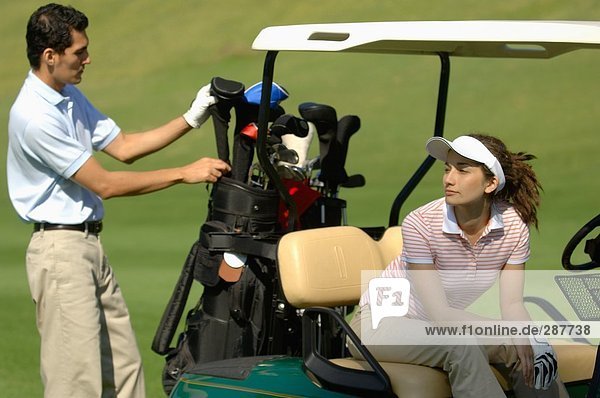 A male golfer selects a club while his partner is seated in their golf cart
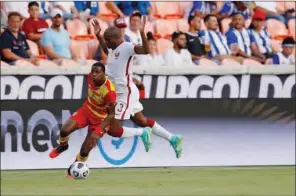  ?? (AFP) ?? Grenada forward Benjamin Ettienne (left) and Qatar defender Abdelkarim Hassan vie for the ball during their CONCACAF Gold Cup match at BBVA Stadium in Houston, Texas, on Saturday.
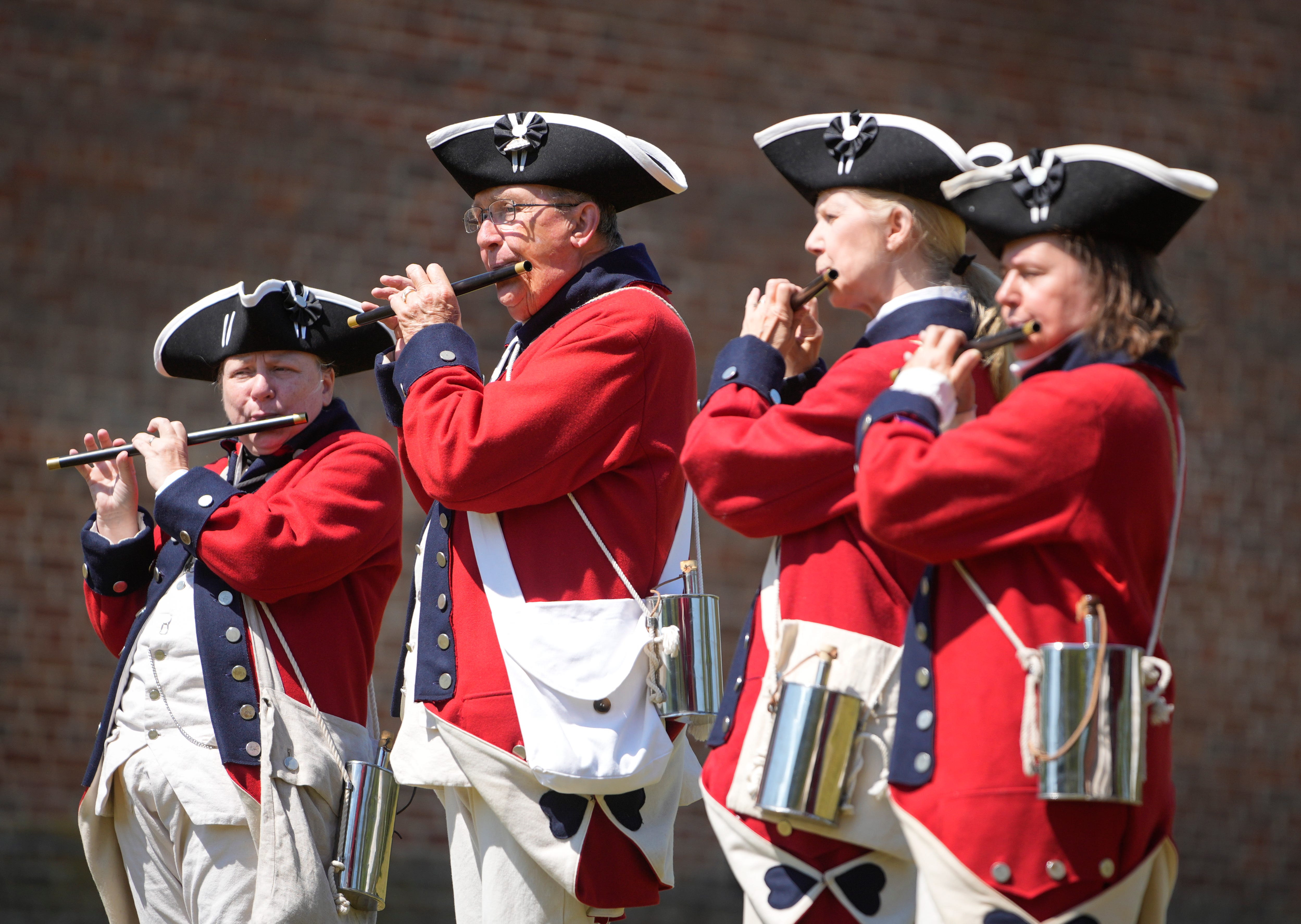 At a living history festival in North Carolina, visitors confront pride,
pain and unresolved questions about what it means to be American.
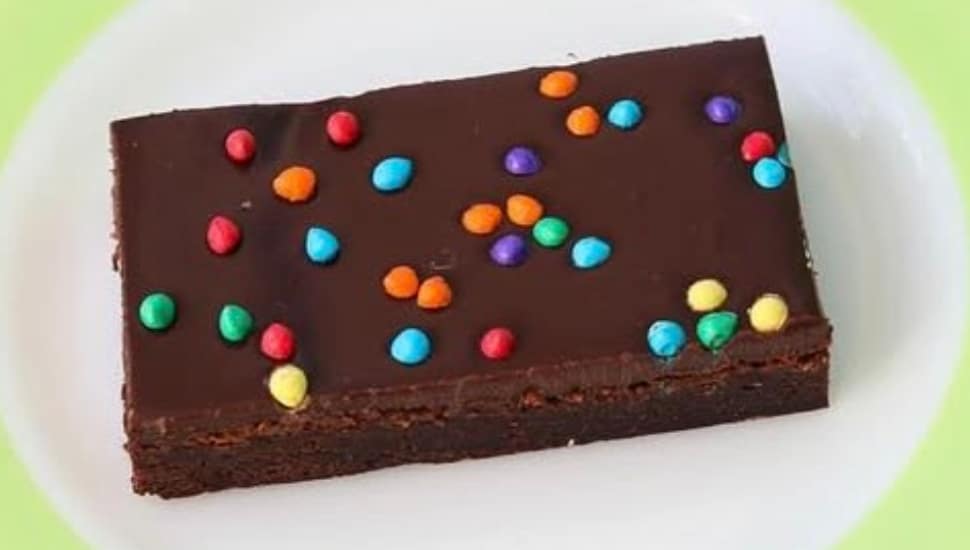 A brownie with colorful candy sprinkles on a plate.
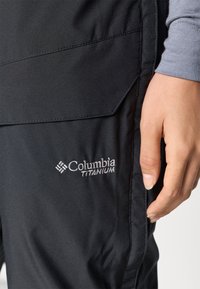 Fekete Columbia Titanium nadrág sima textúrával, ferdefelvágású oldalzsebbel és hímzett logóval a combon.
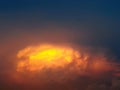 Dramatic shape and color clouds in the evening dawn, sunset, cloudscape, skyscape, dark blue sky, reflection of sunlight, nature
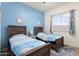 Cozy bedroom with two twin beds, a blue accent wall, and a window for natural light at 23800 N 169Th Ave, Surprise, AZ 85387
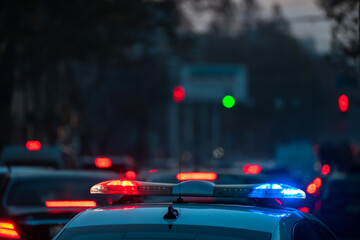 Police car in evening traffic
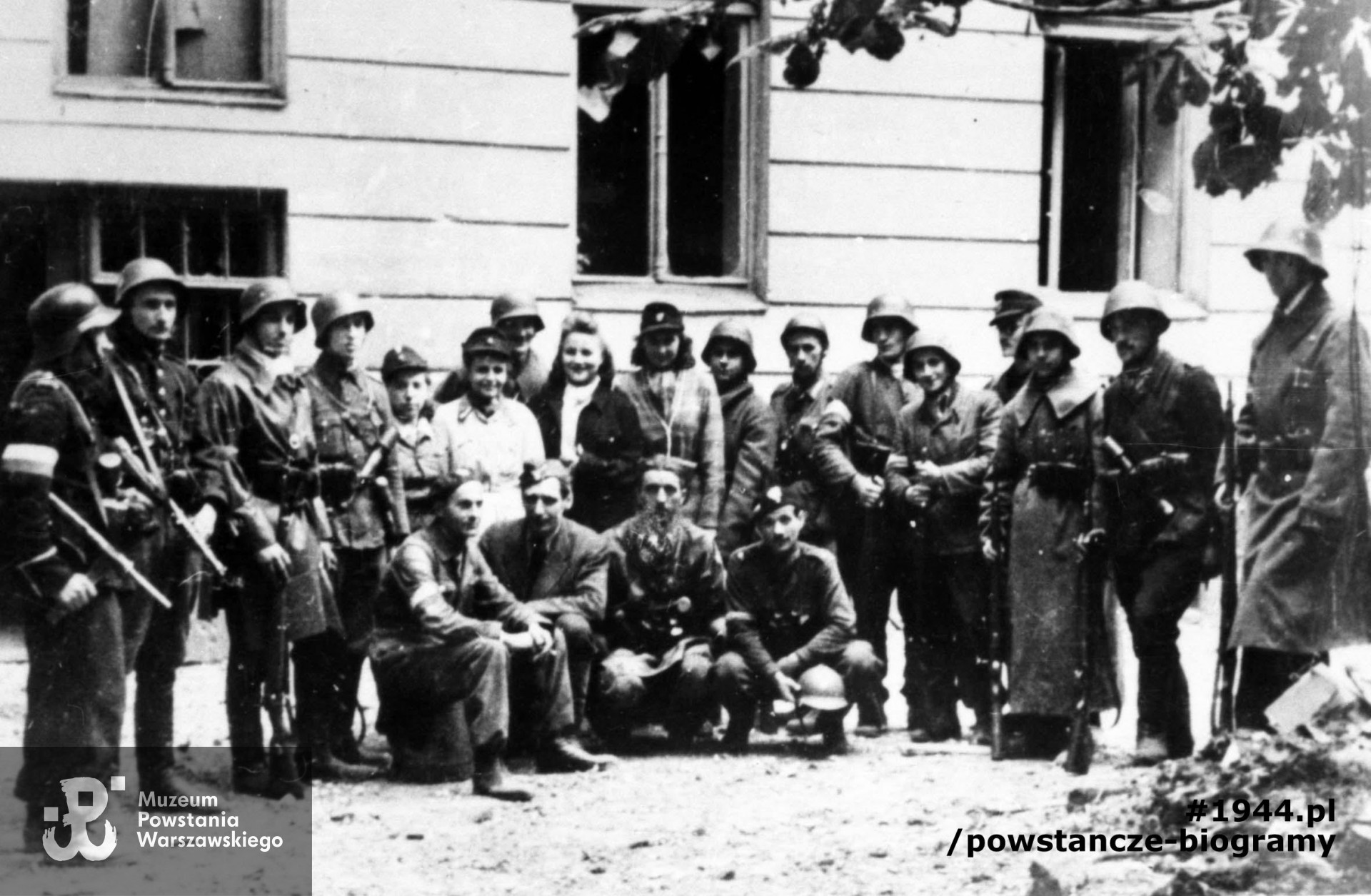 6-7 pażdziernika 1944 r. Grupa żołnierzy plut. NSZ "Sikora" kompanii "A" batalionu osłonowego AK przed kamienicą w Śródmieściu Południowym. Stoją: plut. pchor. Jan Podhorski "Zygzak" - siódmy od lewej, kpr. Włodzimierz Jakimowicz "Szczapa" - dziesiaty od lewej, kpr. pchor. Henryk Dutkowski "Kosowski" - czwarty od prawej. Klęczą od lewej: zbrojmistrz Józef Krynojewski, NN, ppor. Henryk Czapczyk "Mirski", "Śmigły" Pałaszewski. Autorem zdjęcia jest Henryk Świercz "Świerszcz". Fot. ze zbiorów Muzeum Powstania Warszawskiego, sygn. MPW-IN/3536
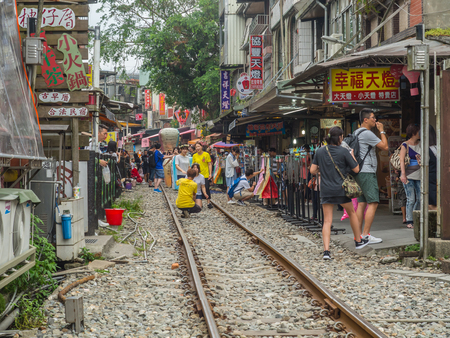 Shifen, Taiwan - October 05, 2016: Many people  on the railroad tracks  very close to buildingsのeditorial素材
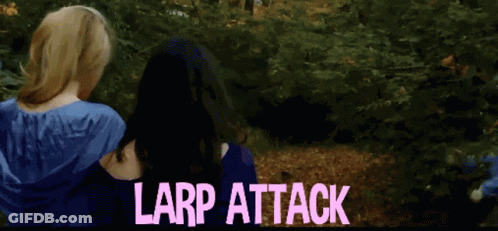 A Woman In A Blue Dress Is Hugging Another Woman With The Words Larp Attack Written In Pink GIF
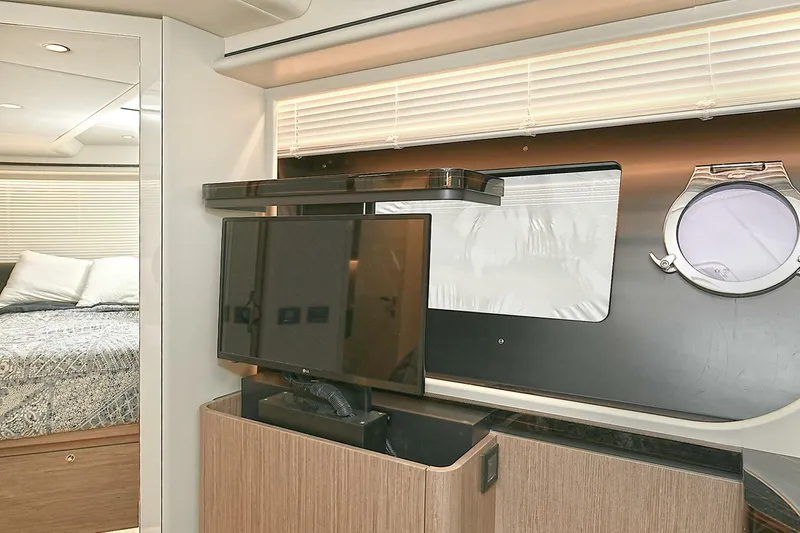  Yacht Photos Pics Interior of 2022 Absolute 62 Fly yacht with TV, porthole, and bedroom view.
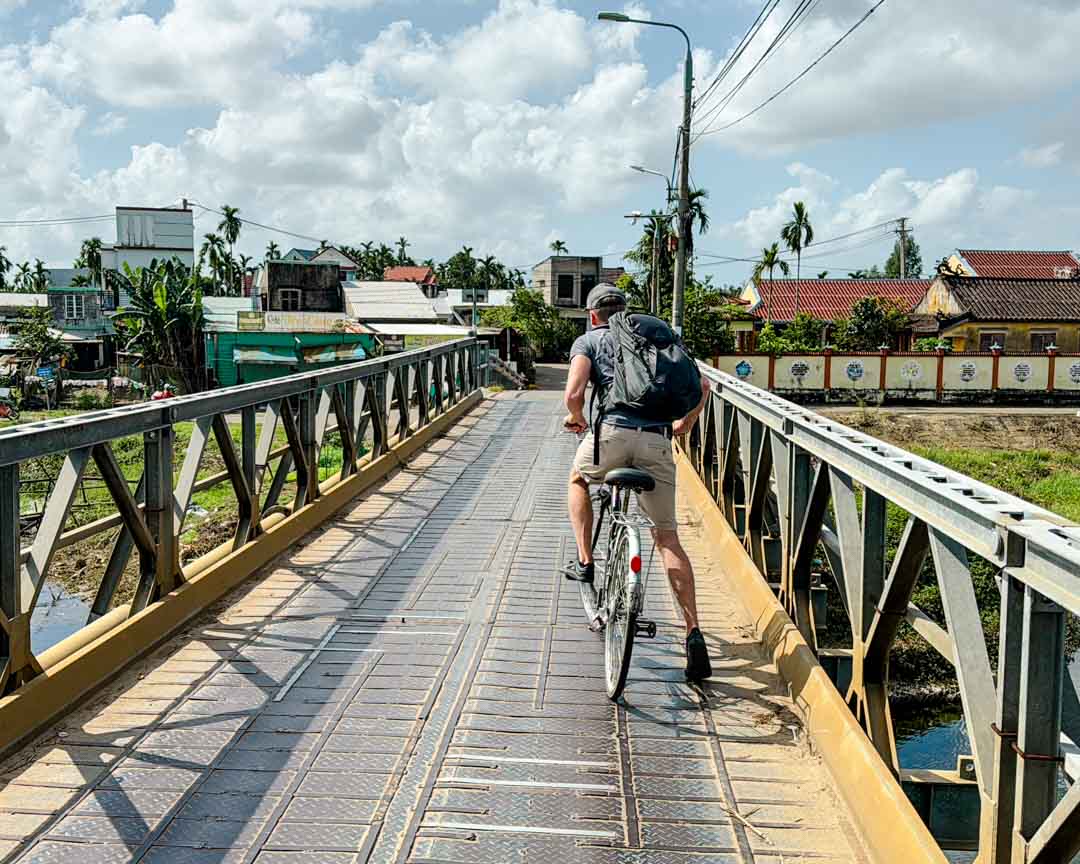 tom faehrt mit fahrrad ueber bruecke in hoi an vietnam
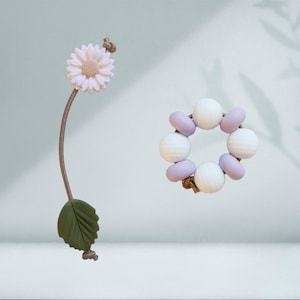 May include: A white daisy with a brown stem and green leaf attached to a purple and white beaded bracelet. The bracelet is made of silicone beads and has a knotted design.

● ● ● ●

## ASSIGNMENT
Retype only the lines from the one with "Police car in evening traffic" through the final line of the entries, please, and keep the pictures out.

## THE ANSWER
 Police car in evening traffic
 6-7 pażdziernika 1944 r. Grupa żołnierzy plut. NSZ "Sikora" kompanii "A" batalionu osłonowego AK przed kamienicą w Śródmieściu Południowym. Stoją: plut. pchor. Jan Podhorski "Zygzak" - siódmy od lewej, kpr. Włodzimierz Jakimowicz "Szczapa" - dziesiaty od lewej, kpr. pchor. Henryk Dutkowski "Kosowski" - czwarty od prawej. Klęczą od lewej: zbrojmistrz Józef Krynojewski, NN, ppor. Henryk Czapczyk "Mirski", "Śmigły" Pałaszewski. Autorem zdjęcia jest Henryk Świercz "Świerszcz". Fot. ze zbiorów Muzeum Powstania Warszawskiego, sygn. MPW-IN/3536
 Shifen, Taiwan - October 05, 2016: Many people  on the railroad tracks  very close to buildingsのeditorial素材
 A Woman In A Blue Dress Is Hugging Another Woman With The Words Larp Attack Written In Pink GIF
  Yacht Photos Pics Interior of 2022 Absolute 62 Fly yacht with TV, porthole, and bedroom view.
 tom faehrt mit fahrrad ueber bruecke in hoi an vietnam
 May include: A white daisy with a brown stem and green leaf attached to a purple and white beaded bracelet. The bracelet is made of silicone beads and has a knotted design.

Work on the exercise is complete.